Sewell is justifiably angry and perfectly in his rights to tear Warlock's reputation to shreds. But as obnoxious as some of Warlock's actions may have been, Sewell is wrong to say that his old man was a 'minor composer', as in this interview. Having committed suicide aged 36, Peter Warlock almost certainly didn't reach his peak, but the originality of the music he did write has secured him a top spot in the development of British music in the early 20th century.

The five songs that make up The Curlew were written between 1916 and 1922, using poems by W.B.Yeats from two volumes of his poetry written at the turn of the 20th century - In the Seven Woods and The Wind Among the Reeds. Yeats grew up in County Sligo, where Curlews would have been a constant background sound, although very sadly not in the 21st century. When Warlock wrote the songs he was living in the middle of Wales, and again he would have been hearing Curlews all day long. Throughout the music you'll hear the instruments playing the cries of Curlews and Lapwings (peewits), and there's an unsettling and desolate bleakness to this whole musical texture evoking the wind-battered, barren uplands of Curlew territory.

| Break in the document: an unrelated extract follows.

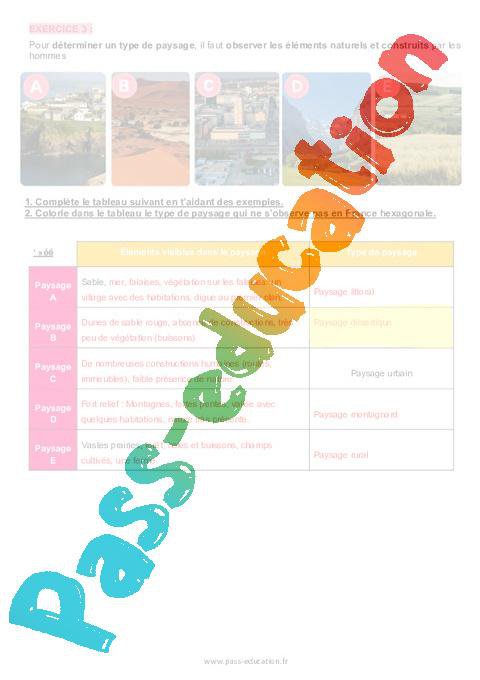 Les différents paysages à travers le monde – CE2 – Exercices – Apis ...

For Yeats the poems were all about the melancholy of a young man trying to fall in love (God only knows what Warlock was thinking), you know, allegory and so on. Everything in art usually is about stuff like that. But who cares about that? Not me. I wish all these artists would just cheer up, for Christ's sake. It's not as though they have to go to work or anything.






I. He reproves of the Curlew

O Curlew, cry no more in the air,
Or only to the waters in the West;
Because your crying brings to my mind
Passion-dimm'd eyes and long heavy hair
That was shaken out over my breast:
There is enough evil in the crying of wind.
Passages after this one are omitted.